Middle East & North Africa

  • Top story: US-Iran tension escalates around disputed return of UN sanctions
  • Why it matters: The US tried to trigger the return of UN sanctions against Iran over the weekend, escalating tensions with both Iran and Washington's European allies who dispute the US ability to do so. Washington has pledged to impose its own unilateral sanctions to bolster the disputed snapback, although these new measures will likely be duplicative of existing restrictions. Iran will likely declare victory, citing the US effort as evidence of its global isolation. The UN General Assembly this week will elevate these disputes on the world stage.

    For more news and analysis of the Middle East and North Africa, follow our Practice Head Ayham Kamel and Henry Rome on Twitter.


  • Top story: Brazil's environmental track record on the spotlight during UNGA
  • Why it matters: Unprecedented wildfires over the past days in the world's largest wetlands, the Pantanal, is the latest environmental disaster being mismanaged under the Bolsonaro administration. In 2020 alone this ecosystem had around 15% of its area burned, raising international concern beyond the Amazon, which also faces an increase in fires from last year and where the government still struggles to curb deforestation. In his speech on 22 September at the United Nations General Assembly, we do not expect Bolsonaro to depart from his confrontational rhetoric from last year, criticizing scrutiny from abroad over Brazil's environmental policies and track record. Though such a posture is targeted at his internal audience, it will nonetheless add risks to the country's foreign relations and put further strain to move forward on trade deals like the EU-Mercosur agreement.

    For more news and analysis of Brazil, follow our team on Twitter: Christopher Garman, Silvio Cascione, and Filipe G. Carvalho.


  • Top story: Zambia's National Assembly began its session on 18 September following a Covid-19 induced closure earlier in the year. On the agenda for this sitting are next year's budget and a vote on various constitutional amendments, colloquially known as Bill 10.
  • Why it matters: Bill 10 clears some key hurdles to President Edgar Lungu's prospective election bid in 2021 by preventing legal challenges to his nomination on the basis that it would amount to an illegal third term. Meanwhile the national budget, to be introduced on Friday, will provide clues to how the Patriotic Front, Lungu's party, will finance its re-election. The budget and Bill 10 will define the shape of next year's general elections.
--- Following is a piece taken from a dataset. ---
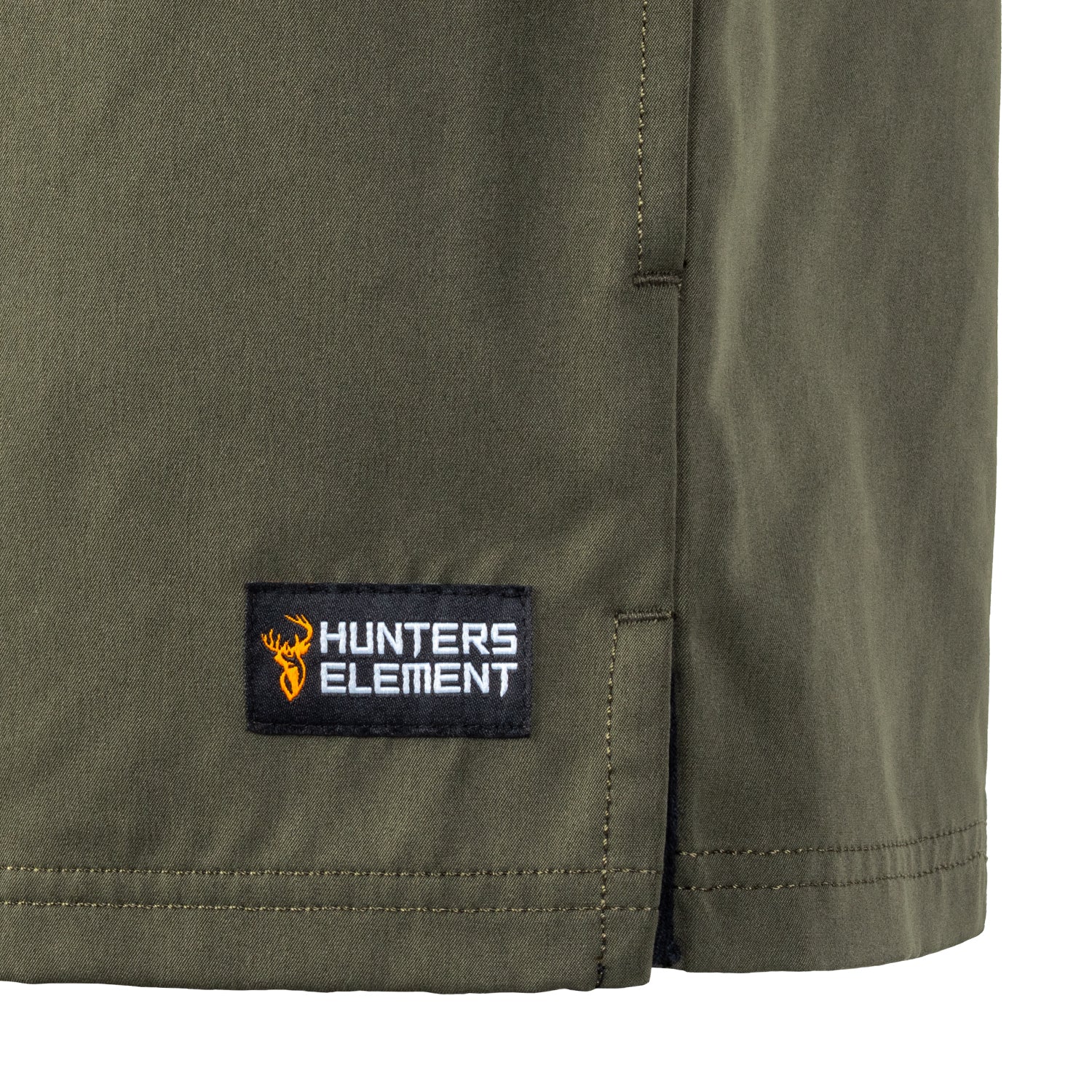 Mainstay Stubbies Kids'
    For more news and analysis of Africa, follow Amaka Anku on Twitter.

Energy, Climate & Resources

  • Top story: The rise of battery and hydrogen sectors post Covid-19
  • Why it matters: Batteries and hydrogen will receive abundant government and corporate investment in the coming years via ambitious green stimulus programs to support economic recovery from Covid-19. The boom will be global but focused in Asia and Europe. The spread of electric vehicles and hydrogen will significantly dent fossil fuel demand growth, including for oil in transport, natural gas and thermal coal in power generation, and coking coal in steelmaking. Meanwhile, the rise of these two sectors will change geopolitical dynamics, as both will require new supply chains and strategic partnerships.